» **ABOUT THIS EXERCISE**
After locating the line with "Silver Tone Irregular" below, output it and each following line exactly, stopping after the line with "Magnum vannas istabas". No pictures.

» **DATA FOR THE TASK**
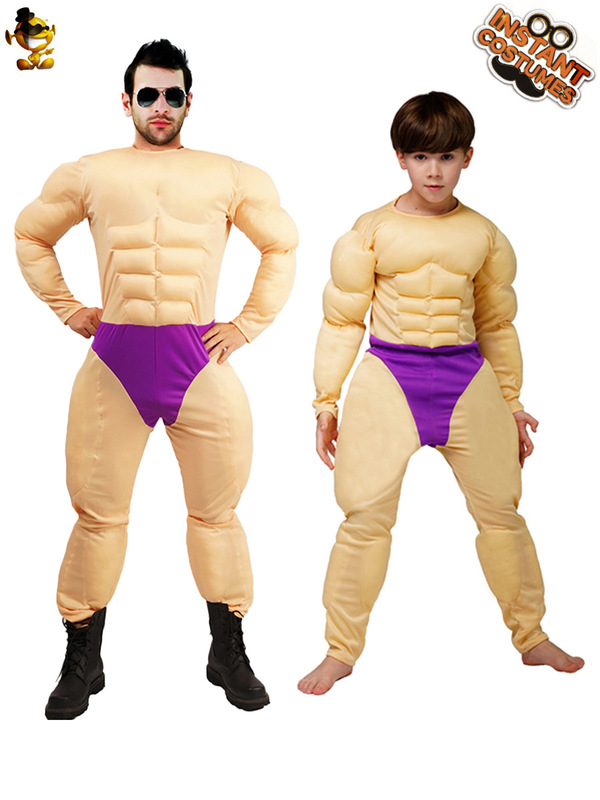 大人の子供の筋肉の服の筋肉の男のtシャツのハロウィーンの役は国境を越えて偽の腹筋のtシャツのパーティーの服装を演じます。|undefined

==

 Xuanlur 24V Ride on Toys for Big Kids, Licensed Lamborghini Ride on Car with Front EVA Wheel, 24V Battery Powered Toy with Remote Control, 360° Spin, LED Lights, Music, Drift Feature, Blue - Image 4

* * *

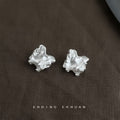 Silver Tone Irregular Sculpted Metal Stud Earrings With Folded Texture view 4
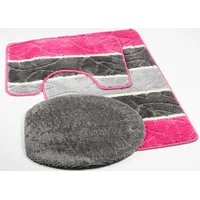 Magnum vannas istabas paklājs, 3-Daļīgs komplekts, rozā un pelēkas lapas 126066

» **OUTPUT OF THE TASK**
 Silver Tone Irregular Sculpted Metal Stud Earrings With Folded Texture view 4
 Magnum vannas istabas paklājs, 3-Daļīgs komplekts, rozā un pelēkas lapas 126066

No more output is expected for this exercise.